* [DATA FOR THE TASK]:
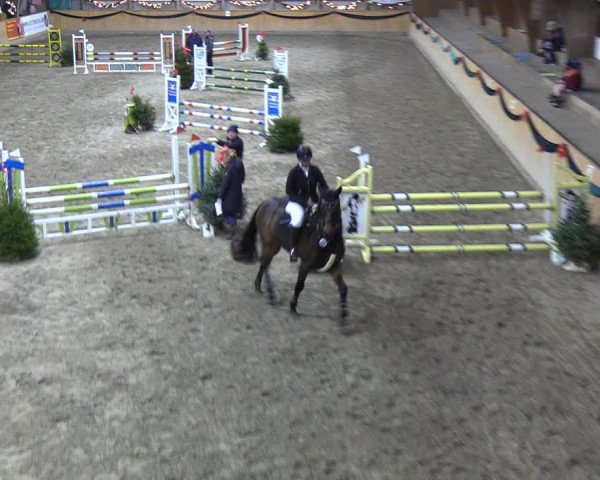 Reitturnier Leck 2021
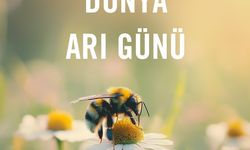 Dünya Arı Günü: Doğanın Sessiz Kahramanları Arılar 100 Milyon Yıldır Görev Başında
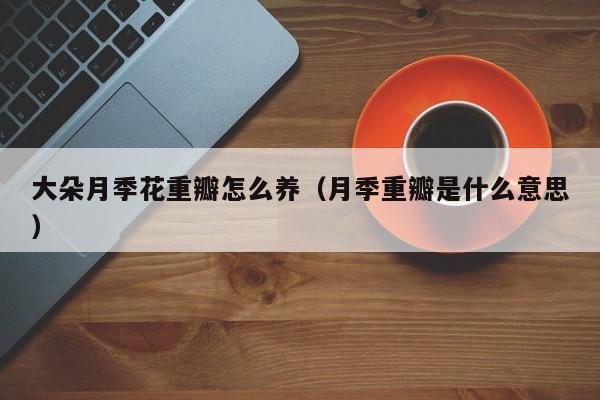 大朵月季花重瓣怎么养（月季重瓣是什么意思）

* * *

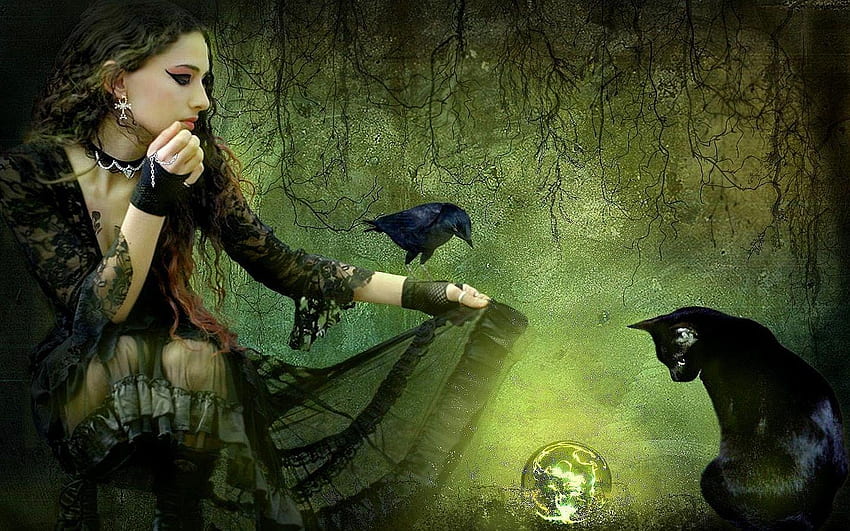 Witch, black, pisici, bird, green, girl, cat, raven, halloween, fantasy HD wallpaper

* [TASK TO COMPLETE]:
A clean copy is needed of the lines in the listing above from the one with "Dünya Arı Günü: Doğanın" through the one with "大朵月季花重瓣怎么养（月季重瓣是什么意思）", exact in every word and free of pictures.

* [FINISHED TASK]:
 Dünya Arı Günü: Doğanın Sessiz Kahramanları Arılar 100 Milyon Yıldır Görev Başında
 大朵月季花重瓣怎么养（月季重瓣是什么意思）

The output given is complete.